From reading to displaying the temperature upon an LCD screen is a matter of minutes. If you wish to try something other than a straightforward reading temperature application, you can try a method to determine the temperature and humidity of your room and display the values recorded on an LCD display as well as a web page.

5. RHT03 (DHT22)

RHT03 (also called SHT22) is actually a digital temperature and humidity sensor that comes calibrated and doesn’t require additional components to keep track of the environment in the room or warehouse. The sensor is simple to operate with any Arduino microcontroller and has a value of $9.95.
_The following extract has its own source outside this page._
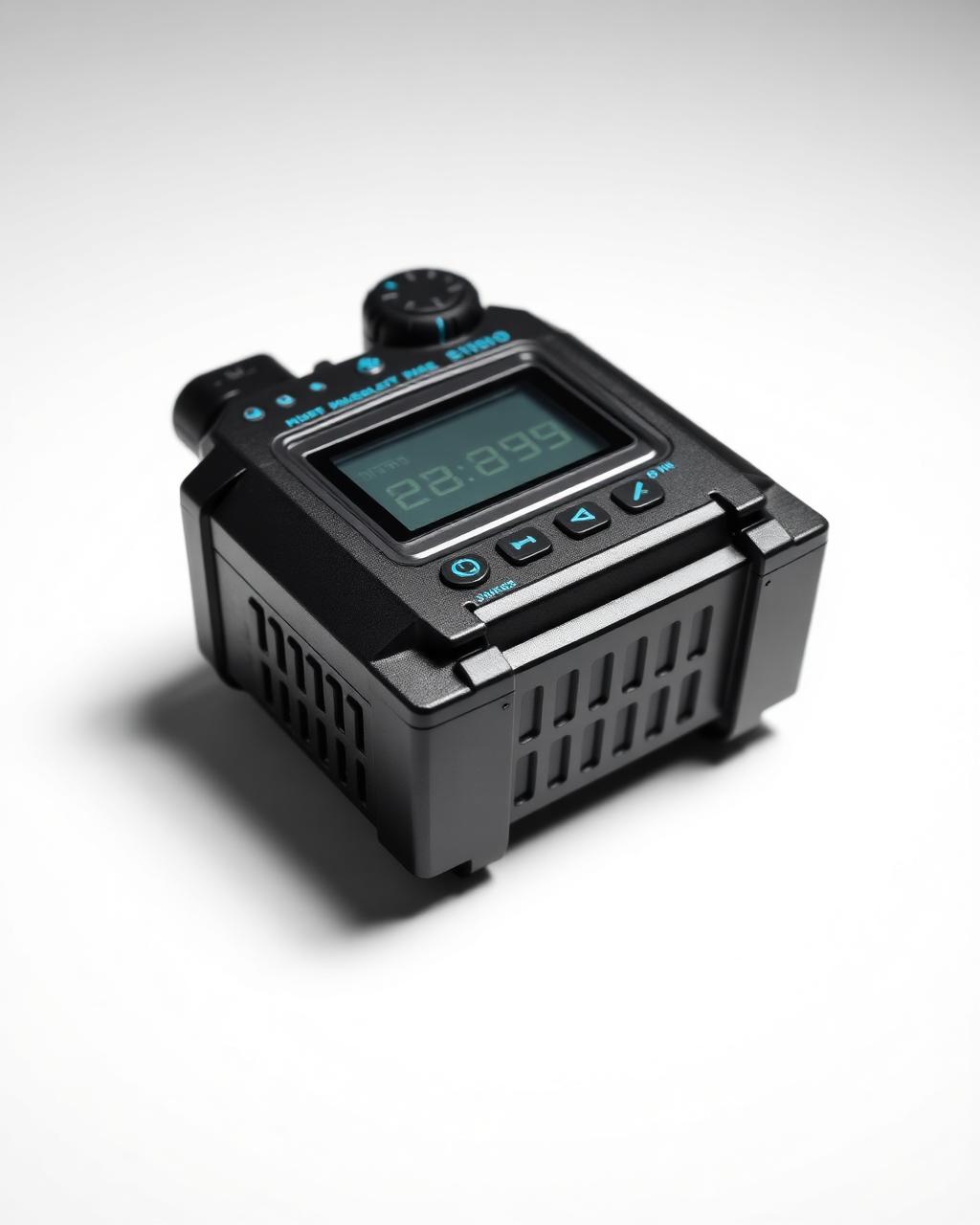Radio terminal profesional Dygytel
Compared to its little brother DHT11, the DHT22 is much more accurate and might browse the temperature and humidity more often than once every second or two.

This tutorial explains all the information to interface and display the humidity and temperature recorded from the sensor.

6. LM75

LM75 is yet another inexpensive digital sensor by using a value of only $2.21. This sensor has two important features: it really is inexpensive and designed as an I2C temperature chip.

The sensor can be a surface mount device, and you must solder wires onto it. It is actually a good sensor for hobbyists and students to learn how to monitor the temperature.

In this guide, you discover an Arduino sketch to display the temperature recorded with the sensor.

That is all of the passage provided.